This is because a prerequisite to progress are mechanisms (e.g., traditions, institutions, etc.) of free conjectures and criticisms, which are categorically incompatible with totalitarianism. The argument resembles that for the necessity of altruism to have evolved: organisms that were not reciprocally altruistic could not survive.

Superintelligence extends this logic (whether it be  a mind or a civilization). A superintelligence would need to be linguistically competent, and linguistic competence all but entails moral goodness, not evil. This is not to say that linguistically competent entities cannot be evil—one need merely review the history of totalitarians. But, I am including in linguistic competence a dialectical competence: a competence for an inner dialogue with your “daemon” (in Plato’s words), your “inner witness” (in Adam Smith’s words), your conscience (in C.S. Lewis’s words). And by this definition or criterion of linguistic competence, totalitarians are linguistically incompetent: they speak—and think—in clichés.

Internal to any genuine general intelligence—which I am equating with linguistic competence—is a marketplace of ideas, in which good explanations—truth, beauty, wisdom, moral rightness—will, ultimately, emerge. Evil can only be local and ephemeral: evil is essentially stupid, and stupidity inevitably collapses (hence all totalitarians have fallen (or shall)).

It follows that a superintelligent AI would necessarily be good, not evil. However, that may not be true of a weak AI built upon deep learning.

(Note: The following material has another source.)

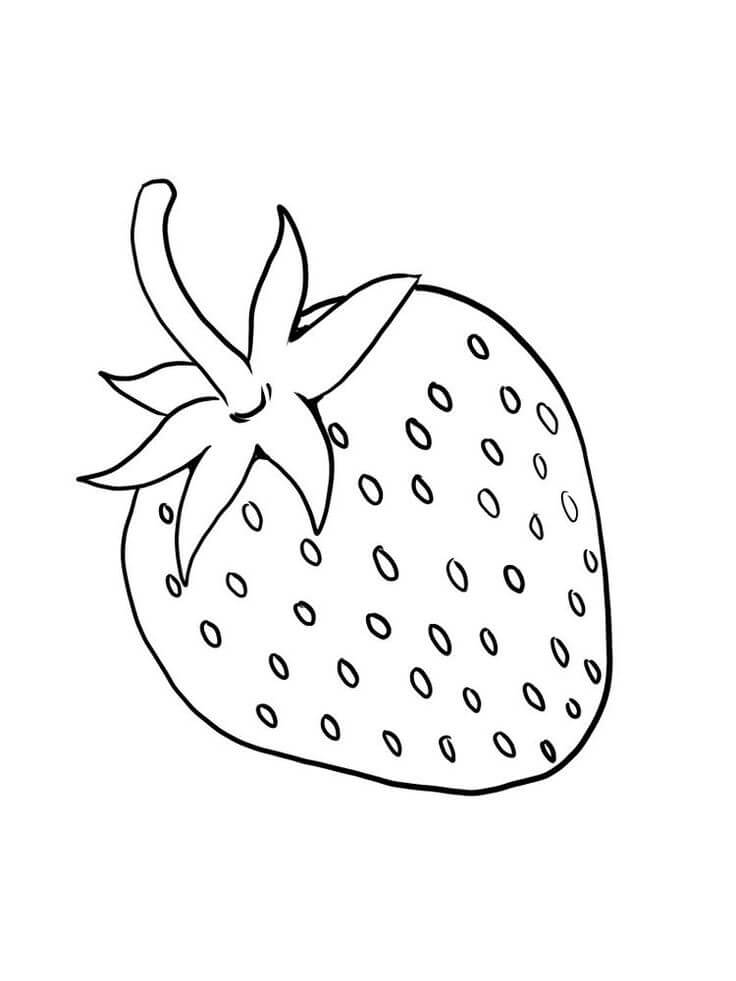 Fresa Imprimible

Plato observed that evil is not a “something”; it is a “nothing”. That is, evil is the absence of goodness. Hence, programming in goodness—an explicit, positive morality— into AI is necessary to preempt the emergence of evil. Even if deep learning were sufficient for AI to attain general intelligence (and superintelligence), we ought not to pursue it because a deep learning neural net is the ideal “citizen” of totalitarianism: because it has a minimal preprogramming, an external agency (e.g., a totalitarian government, company, individual) could literally make it in its image.

The neural net need not even have been designed by the malicious government/company/individual: the neural net is vulnerable to corruption by any environmental influence. We have witnessed this in trolls online corrupting deep learning bots—the latter are blank slates on which the former can “write” whatever they will.

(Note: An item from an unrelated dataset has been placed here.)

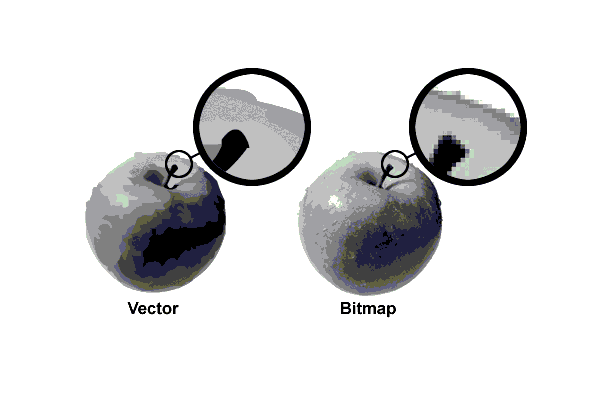 Detail Gambar Vektor Dan Bitmap Nomer 11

Deep learning—in its malleability, gullibility, and exploitability—is an existential danger, and inherently and irredeemably so: the power of a neural net is that it can learn anything, and hence can learn to be evil. Thus if totalitarian AI is to rise, it will be based on deep learning, and hence must be countered by strong AI.

A superintelligence based on strong AI—specifically the anthronoetic (human-style) AI being developed at Oceanit—would not only be moral: it would be supermoral. Like the domains of science, technology, philosophy, politics, and aesthetics, morality consists of “problems” (e.g., “What is the good life?”), and all problems in all domains are solvable with the requisite intelligence. Hence the outstanding questions of morality have answers, and a superintelligent AI could create them, discovering in the process new questions to be answered in an infinite exploration of the moral universe.